Epigenetic marks may not always be erased by passage through the germ line, and in some cases can be inherited from one generation to the next. The influence of maternal diet in this process is well documented. It is, however, now emerging that paternal transmission may also occur. This has been described in mice for the Axin(Fu) allele, and epidemiological evidence (Pembrey et al, 2006) supports the view that epigenetic effects of smoking can be inherited thorough father-to-son transmission. The general failure to identify gene mutations that account for genetic inheritance in prostate cancer suggests that it may be appropriate to examine epigenetic mechanism of inheritance. The identification of such genes represents a significant technical challenge, although technologies for the genome-wide screening of DNA-methylation patterns and histone marks that would be required for target gene identification are starting to become available (see below).

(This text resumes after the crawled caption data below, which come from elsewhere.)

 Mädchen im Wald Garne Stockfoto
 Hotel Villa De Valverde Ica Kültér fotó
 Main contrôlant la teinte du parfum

Genome-wide analysis of epigenetic patterns

Whole genome analysis of histone modifications and of proteins involved in epigenetic modulation can be performed using ChiP-based approaches (Zhao et al, 2007; Roh and Zhao, 2008). For example, Zhao et al (2007) used ChiP coupled to a sequencing strategy to explore H3Kme3 and H3K27me3 landscapes in human ES cells. A variety of strategies involving high-throughput DNA sequencing or hybridisation to oligonucleotide micorarray may be used for the genome-wide analysis of DNA methylation pattern (reviewed by Zilberman and Henikoff, 2007). For example, Schumacher et al (2006) analysed enriched unmethylated DNA from human brain or Affymerix tiling arrays for chromosomes 21 and 22 and found, as expected, that most unmethylated sites were close to the 5′-end of genes. Using SNP arrays at 50 k and 250 k resolution (Kerkel et al, 2008) has demonstrated that genome-wide approaches can be used also to identify allele-specific methylation. The specific applications of these technologies to prostate cancer represent an important area of future investigation.

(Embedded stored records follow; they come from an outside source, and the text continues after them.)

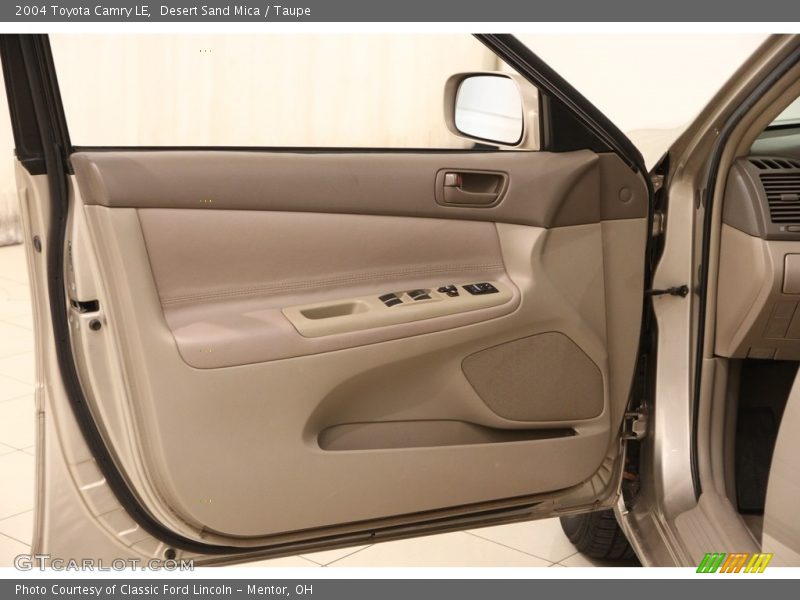Desert Sand Mica / Taupe 2004 Toyota Camry LE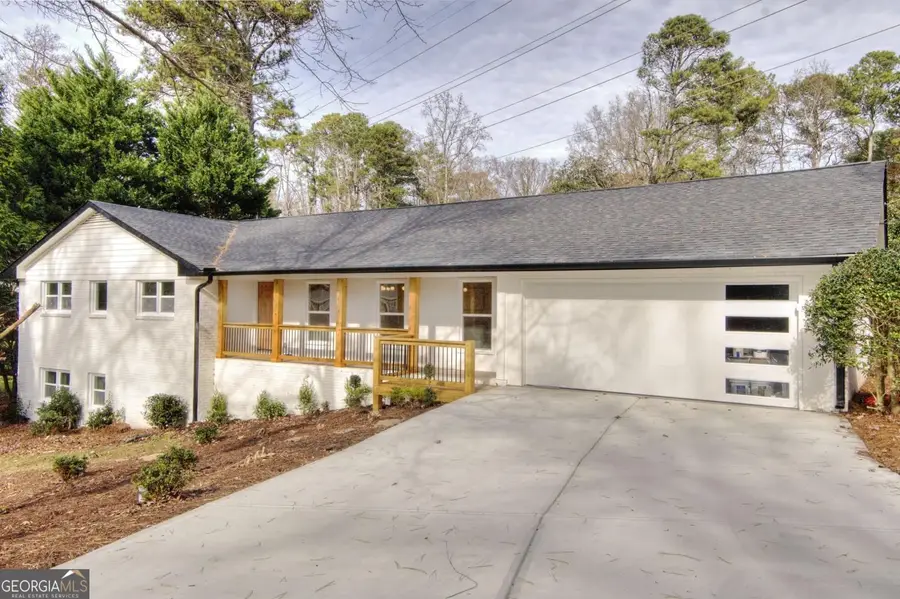 7235 NE Thornhill Ln, Atlanta, GA 30328 - Image #2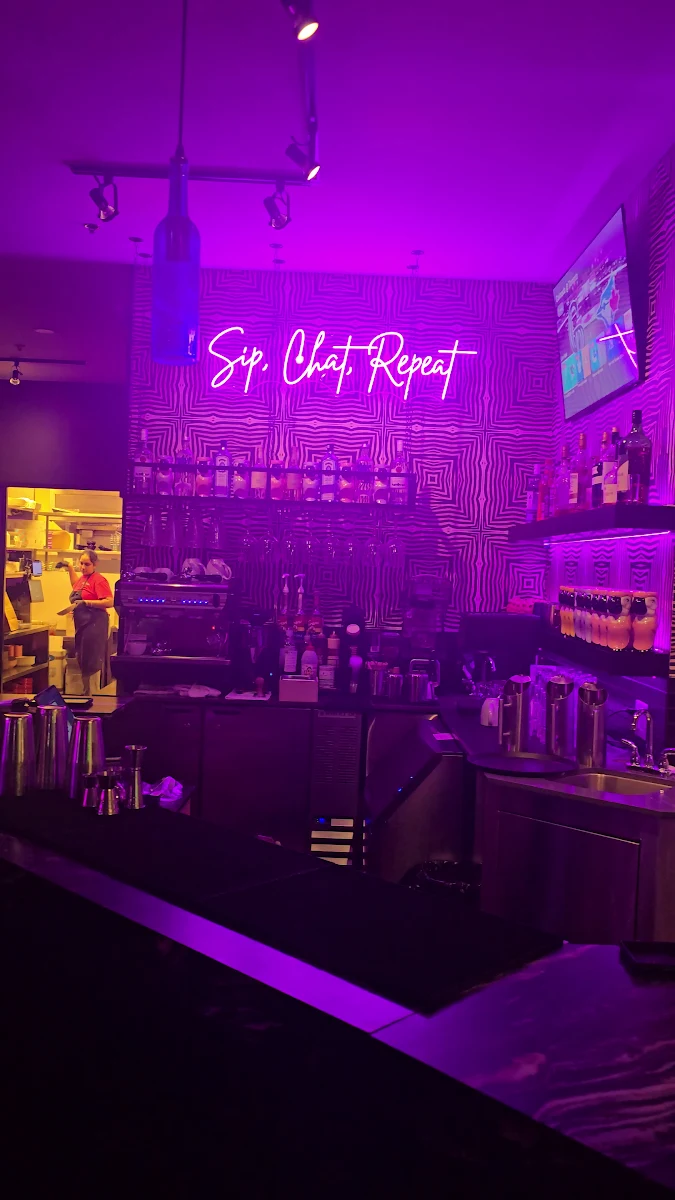 Vibe, Gupshup Social Lounge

Epigenetics and cancer therapy

Enzymes controlling epigenetic status and involved in cross talk between epigenetic systems are potential targets for cancer therapy. The enzymes include HDACs, HATs, co-activators including TIP60, PcG proteins including EZH2, and the DNMTs. In principle, enzymes that modulate the activities of these proteins are also potential drug targets, as are proteins that bind methylated CpG sequences. One strategy would be to try to use inhibitors of these proteins to reprogramme cells returning their epigenetic status to that reminiscent of a normal cell. A complication with this targeting strategy is that the effects of each individual targeted protein are most likely to be complex and difficult to predict. Several HDAC inhibitors have activity in the nanomolar range and have been demonstrated to inhibit growth of prostate cancer. Clinical trials have, however, been largely restricted to cancer types other than prostate (Gallinari et al, 2007). Such drugs may have relevance to cancers containing the TMPRSS2:ERG fusion where HDAC1 is overexpressed (Iljin et al, 2006). In this respect, romidepsin, a bicyclic depsipeptide HDAC inhibitor, has a disease control rate of 14% when used to treat patients with hormone refractory disease (Parker et al, 2007).The ability of 5-azacytidine and other nucleoside analogues to inhibit DNMTs, cause hypomethylation and alter gene transcription in cultured prostate cancer cells is well documented, but only limited clinical trials have been performed.

Conclusion

Epigenetics is now accepted as mainstream area of cancer research. However, many challenges remain both in understanding its importance in cancer development and in applying new knowledge to the benefit of prostate cancer patients. There is an urgent need to comprehensively assess epigenetic alterations on a genomic scale in a broad variety of normal cells, stem cells, and in corresponding cancer cells and to assess the importance of the role of small RNAs and their therapeutic potential.